Reproduce the entries word for word, and omit any picture you find in them.

Records for the exercise =
╭──

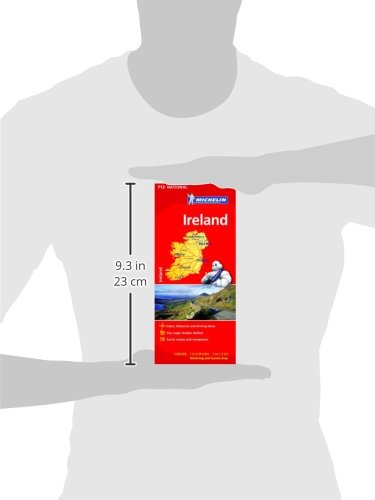 Michelin National Map 712 - Detailed Road Map of Ireland for Travel & Navigation | Perfect for Road Trips, Hiking & Adventure Planning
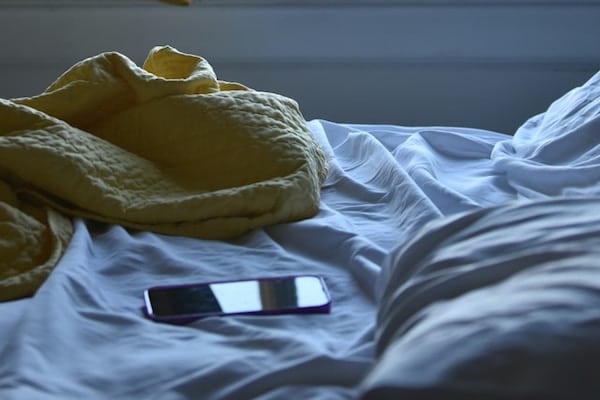 phone in bed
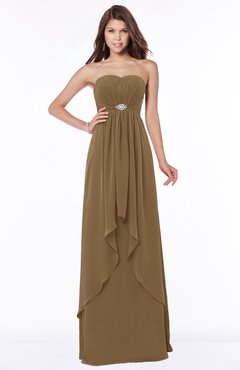 ColsBM Frida Truffle Mature A-line Bateau Sleeveless Appliques Bridesmaid Dresses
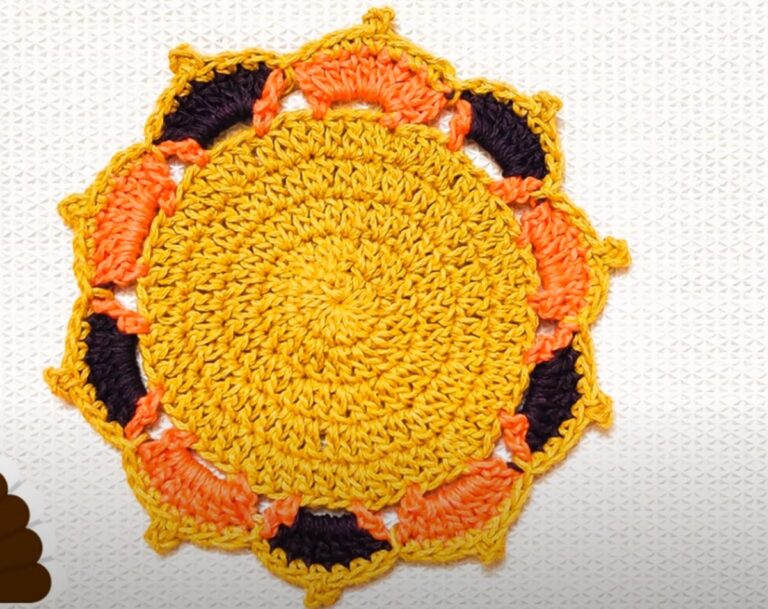 Crochet Turkey Coaster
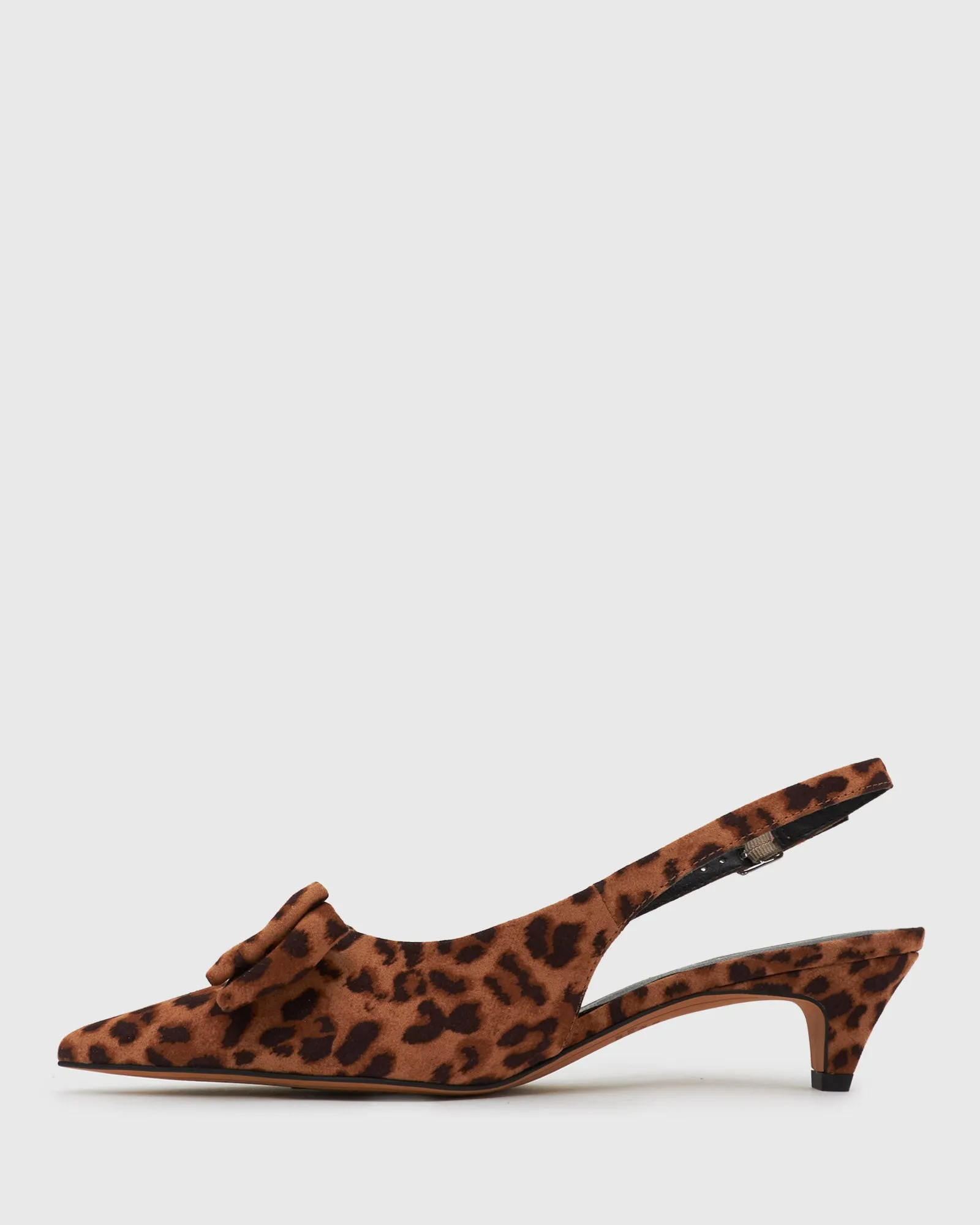 GIGGY Pointy Bow Slingback Pumps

╰──

Answer to this exercise =
 Michelin National Map 712 - Detailed Road Map of Ireland for Travel & Navigation | Perfect for Road Trips, Hiking & Adventure Planning
 phone in bed
 ColsBM Frida Truffle Mature A-line Bateau Sleeveless Appliques Bridesmaid Dresses
 Crochet Turkey Coaster
 GIGGY Pointy Bow Slingback Pumps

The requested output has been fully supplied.